One pound of fat contains 3,500 calories so cutting your calorie intake by 500 calories per day on average, should see you lose 1 pound per week. While it might not seem like much, if you ate an extra 100 calories per day, by the end of the year you could gain 11lbs. Small changes make a huge difference in the long term.

Setting small and realistic goals will help you lose weight safely and will make you more likely to maintain your weight loss.

Eat three regular, balanced meals a day and try to have meals at planned times. Only include snacks if you're physically hungry.

More about eating a healthy balanced diet

Try some healthy substitutes

Substitute high-calorie food for healthier alternatives if you're trying to lose weight:

  • Instead of crisps and dips grab crunchy peppers and carrots and dip them in some low-fat hummus.
  • Swap your chocolate bar for a handful of unsalted nuts.
  • Switch your high-calorie coffee - such as a latte or mocha - for a lower calorie Americano.

Looking for healthy snack inspiration?

Portion control

Losing weight is about eating a healthy and balanced diet, but a big part of being successful in your weight loss attempts is learning how to control your portion sizes.

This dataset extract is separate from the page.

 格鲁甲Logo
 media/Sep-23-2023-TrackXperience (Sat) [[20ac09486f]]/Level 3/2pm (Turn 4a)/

Portion sizes vary depending on a number of factors - such as age, gender and activity levels - but as a rough guide, the following table outlines the portion sizes of some common foods:

Food item

Portion size

Pasta and rice

2 to 3 tablespoons

Bread

1 medium slice

Cooked meat

Size of a deck of cards

Milk

200ml

Hard cheese

Size of a matchbox

Beans or pulses

4 tablespoons

Picking a smaller plate can help to reduce your portion sizes and in turn, the number of calories consumed.

More about portion control.

Turn off technology

Eating in front of the TV can influence our food choices but can also contribute to us eating more than we need. Concentrating on the TV instead of the meal or snack you're eating can lead to mindless eating where we eat more than we need and will be less likely to notice feeling full.

More about mindful eating (will add appropriate link).

Planning your meals

Planning ahead is important to help ensure you have the right foods to hand, at the right times. You should:

  • use a meal planner for the week ahead
  • make a shopping list and don’t go shopping when hungry
  • bulk cook meals and freeze portions
  • try using a slow cooker 

Avoid buying larger pack sizes and in-store promotions that are often foods high in fat, salt or sugar - such as crisps and fizzy drinks - this can lead to overeating and weight gain.

Increasing your activity

Keeping active helps to burn the calories you consume. If you eat a healthy balanced diet with fewer calories and increase the amount of activity you do each day, you'll lose weight.

It's recommended that adults should try to be active every day and should complete at least 150 minutes of moderate aerobic exercise per week - this could include cycling or walking at a fast pace. Alternatively, you could complete 75 minutes of vigorous aerobic exercise, which could include running or a game of football. You could split this up into easily manageable 30-minute workouts over 5 days of the week.

It's also important to include strength exercises that work all of the major muscles (chest, shoulders, arms, back, abdomen, hips, legs) into your workouts.

More about keeping active

Cutting down on alcohol

Alcohol contains a lot of calories. Drinking too much can damage your health and lead to weight gain.

As a guide:

  • a pint of beer (5%) contains 182 calories and 2.3 units of alcohol
  • a medium glass of wine (175ml, 13%) contains 159 calories and 2.3 units of alcohol
  • a bottle of alcopop (275ml, 4%) contains 170 calories and 1.1 units of alcohol
  • a single measure of spirits (25ml, 40%) contains 61 calories and 1 unit of alcohol

If you want to lose weight, cut down on the amount of alcohol you drink or avoid altogether.

You should limit the amount you drink to no more than 14 units spread evenly throughout the week.